Kerbox Posted January 22, 2007 Share Posted January 22, 2007 Hey guys, I could really use some hints on how to solve the integral [math] \int \frac{x}{1+\sqrt{x}} dx [/math] I tried some substitutions, and doing some manipulations on the expression, with no solution. Any help would be much appreciated. Regards, Kerbox Link to comment Share on other sites More sharing options...
Bignose Posted January 22, 2007 Share Posted January 22, 2007 Have you tried letting y=sqrt(x). Then x=y^2 dx = 2ydy then the integrand is all polynomials and should be much easier to integrate. Link to comment Share on other sites More sharing options...

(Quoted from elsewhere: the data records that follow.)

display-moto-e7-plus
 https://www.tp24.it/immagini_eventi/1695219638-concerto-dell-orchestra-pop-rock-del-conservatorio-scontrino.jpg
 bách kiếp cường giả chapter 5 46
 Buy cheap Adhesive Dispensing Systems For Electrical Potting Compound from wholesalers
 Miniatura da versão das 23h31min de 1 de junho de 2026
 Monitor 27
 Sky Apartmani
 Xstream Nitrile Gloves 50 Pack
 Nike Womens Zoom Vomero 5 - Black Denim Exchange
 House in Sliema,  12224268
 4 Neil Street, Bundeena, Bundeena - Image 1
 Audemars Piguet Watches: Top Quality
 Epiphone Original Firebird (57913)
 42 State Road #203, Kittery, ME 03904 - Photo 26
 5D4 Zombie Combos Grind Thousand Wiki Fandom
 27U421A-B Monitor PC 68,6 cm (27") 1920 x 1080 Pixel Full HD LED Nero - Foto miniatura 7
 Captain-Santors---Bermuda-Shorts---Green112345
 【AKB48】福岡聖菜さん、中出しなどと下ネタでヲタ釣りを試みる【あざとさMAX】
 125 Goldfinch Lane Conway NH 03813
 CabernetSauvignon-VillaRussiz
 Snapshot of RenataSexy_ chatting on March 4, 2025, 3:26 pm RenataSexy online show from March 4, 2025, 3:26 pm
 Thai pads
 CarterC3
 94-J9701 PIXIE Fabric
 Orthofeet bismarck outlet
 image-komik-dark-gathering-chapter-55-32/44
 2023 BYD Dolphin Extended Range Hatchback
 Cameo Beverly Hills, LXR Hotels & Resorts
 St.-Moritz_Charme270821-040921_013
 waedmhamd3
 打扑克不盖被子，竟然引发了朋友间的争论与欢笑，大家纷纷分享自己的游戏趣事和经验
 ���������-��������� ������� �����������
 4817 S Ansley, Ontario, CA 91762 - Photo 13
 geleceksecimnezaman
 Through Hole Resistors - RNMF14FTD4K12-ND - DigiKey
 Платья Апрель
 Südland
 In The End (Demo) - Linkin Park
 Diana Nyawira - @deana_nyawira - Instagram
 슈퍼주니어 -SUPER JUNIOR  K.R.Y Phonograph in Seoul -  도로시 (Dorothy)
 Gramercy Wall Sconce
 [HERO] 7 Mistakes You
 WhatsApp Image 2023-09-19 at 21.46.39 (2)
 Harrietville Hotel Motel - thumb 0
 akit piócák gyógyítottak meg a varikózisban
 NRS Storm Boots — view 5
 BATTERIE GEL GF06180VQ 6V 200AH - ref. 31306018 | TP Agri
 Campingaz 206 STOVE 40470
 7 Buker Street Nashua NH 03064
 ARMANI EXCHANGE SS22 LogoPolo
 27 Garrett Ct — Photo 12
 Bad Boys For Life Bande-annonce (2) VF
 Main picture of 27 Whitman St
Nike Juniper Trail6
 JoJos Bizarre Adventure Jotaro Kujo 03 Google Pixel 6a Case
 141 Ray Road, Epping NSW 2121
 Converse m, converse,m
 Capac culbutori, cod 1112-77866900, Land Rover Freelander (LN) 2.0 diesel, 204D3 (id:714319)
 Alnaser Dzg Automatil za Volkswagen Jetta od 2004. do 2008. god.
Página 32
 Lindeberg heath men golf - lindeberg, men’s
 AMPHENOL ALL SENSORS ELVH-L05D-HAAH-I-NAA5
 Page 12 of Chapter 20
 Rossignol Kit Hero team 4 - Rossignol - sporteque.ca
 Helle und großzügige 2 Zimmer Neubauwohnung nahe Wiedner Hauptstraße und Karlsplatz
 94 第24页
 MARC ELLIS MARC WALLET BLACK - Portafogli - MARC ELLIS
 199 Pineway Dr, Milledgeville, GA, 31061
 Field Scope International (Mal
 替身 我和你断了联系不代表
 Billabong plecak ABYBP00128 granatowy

Ragib Posted January 23, 2007 Share Posted January 23, 2007 Let [math]x=u^2[/math], and do as Bignose said. The integral becomes [math]2\int \frac{u^3}{1+u} du[/math], which with some easy polynomial division will get you [math]\frac{u^3}{1+u}=u^2-u+1 -\frac{1}{1+u}[/math]. Split the integral in two, you get: [math]2(\int u^2 -u +1 du -\int \frac{1}{1+u} du[/math]. The first one is easy, reverse power rule. The second, do some substitution. So you should get [math]2(\frac{u^3}{3} - \frac{u^2}{2} + u -\log_e |u+1|)[/math]. Substitute [math]u=\sqrt {x}[/math] back in EDIT: Btw I checked the answers, its correct Link to comment Share on other sites More sharing options...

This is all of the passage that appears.